ValueError: Unable to coerce to Series, length must be 1: given 0

Did anyone see this error in this chapter as well?

chaseos · October 6, 2020, 1:58am

I think the issue is the continuous column saleElapsed has dtype=object (which you can discover with df_nn_final.info()). You can fix this with by adding df_nn_final.saleElapsed = df_nn_final.saleElapsed.astype(float).

If you get a SettingWithCopyError then change
df_nn_final = df_nn[list(xs_final_time.columns) + [dep_var]]
(from a few cells earlier) to
df_nn_final = df_nn[list(xs_final_time.columns) + [dep_var]].copy()

ballard · October 7, 2020, 6:18am

I think the typo should be correct as:

m_rmse(m2, xs_filt2, y_filt), m_rmse(m2, valid_xs_time2, valid_y) # changed m -> m2

But I’m still working it through so I might be wrong.

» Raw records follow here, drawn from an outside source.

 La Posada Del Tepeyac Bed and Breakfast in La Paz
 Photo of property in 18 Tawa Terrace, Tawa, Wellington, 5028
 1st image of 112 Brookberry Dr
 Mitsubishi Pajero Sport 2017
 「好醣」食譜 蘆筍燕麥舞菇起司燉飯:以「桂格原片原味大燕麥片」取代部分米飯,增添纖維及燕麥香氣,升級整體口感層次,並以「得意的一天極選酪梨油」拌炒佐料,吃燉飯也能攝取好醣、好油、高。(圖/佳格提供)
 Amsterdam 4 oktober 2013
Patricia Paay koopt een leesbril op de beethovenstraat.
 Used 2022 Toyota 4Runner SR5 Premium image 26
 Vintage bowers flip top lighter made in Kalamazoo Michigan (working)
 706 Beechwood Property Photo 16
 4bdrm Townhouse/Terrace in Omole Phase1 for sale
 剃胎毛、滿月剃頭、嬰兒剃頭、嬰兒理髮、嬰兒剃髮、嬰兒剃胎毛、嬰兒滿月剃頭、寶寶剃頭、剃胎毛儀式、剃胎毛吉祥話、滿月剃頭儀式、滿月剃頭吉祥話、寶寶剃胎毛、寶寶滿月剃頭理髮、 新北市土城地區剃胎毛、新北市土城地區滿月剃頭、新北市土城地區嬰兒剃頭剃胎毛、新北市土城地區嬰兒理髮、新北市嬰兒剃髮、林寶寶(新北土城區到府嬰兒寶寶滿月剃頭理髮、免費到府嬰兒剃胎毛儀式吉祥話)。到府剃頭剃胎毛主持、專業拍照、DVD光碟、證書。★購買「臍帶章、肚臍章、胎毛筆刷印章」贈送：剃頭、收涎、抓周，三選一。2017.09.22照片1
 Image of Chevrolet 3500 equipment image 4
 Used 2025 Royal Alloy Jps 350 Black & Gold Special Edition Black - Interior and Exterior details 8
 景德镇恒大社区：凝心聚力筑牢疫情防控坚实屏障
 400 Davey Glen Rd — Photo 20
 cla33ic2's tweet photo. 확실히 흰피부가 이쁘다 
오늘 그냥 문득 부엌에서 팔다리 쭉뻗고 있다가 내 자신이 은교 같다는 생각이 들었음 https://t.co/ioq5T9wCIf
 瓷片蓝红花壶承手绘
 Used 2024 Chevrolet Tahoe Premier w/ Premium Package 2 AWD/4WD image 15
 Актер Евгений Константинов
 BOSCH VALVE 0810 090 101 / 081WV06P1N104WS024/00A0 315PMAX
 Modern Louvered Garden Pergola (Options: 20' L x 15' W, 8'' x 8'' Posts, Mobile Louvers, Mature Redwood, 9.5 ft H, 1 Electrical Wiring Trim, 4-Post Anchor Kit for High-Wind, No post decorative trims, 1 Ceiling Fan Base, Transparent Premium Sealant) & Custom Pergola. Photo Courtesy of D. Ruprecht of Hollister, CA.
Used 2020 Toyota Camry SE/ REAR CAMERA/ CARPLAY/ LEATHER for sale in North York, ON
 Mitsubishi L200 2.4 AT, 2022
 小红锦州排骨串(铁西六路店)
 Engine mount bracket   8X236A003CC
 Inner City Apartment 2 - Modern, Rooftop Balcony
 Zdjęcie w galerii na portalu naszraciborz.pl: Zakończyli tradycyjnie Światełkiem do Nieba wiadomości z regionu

kouohhashi · October 17, 2020, 2:11pm

I have same error. have you found a solution?
Never mind.
chaseos is right. My mistake.

Atz · November 5, 2020, 9:01pm

This is correct, you want to change m to m2. This line is supposed to be printing the rmse for the training and validation sets on our newly trained random forest (m2) that no longer uses the fiModelDescriptor feature.

(Changing the line instead from xs_filt2 to xs_filt will make the code run, but you’ll be printing the rmse for the the training set on one model and then for the validation set on another model – probably not what you want to look at.)

Atz · November 5, 2020, 9:10pm

This worked for me. Another way to avoid the SettingWithCopyError is if you do

df_nn_final = df_nn_final.astype({"saleElapsed": float}).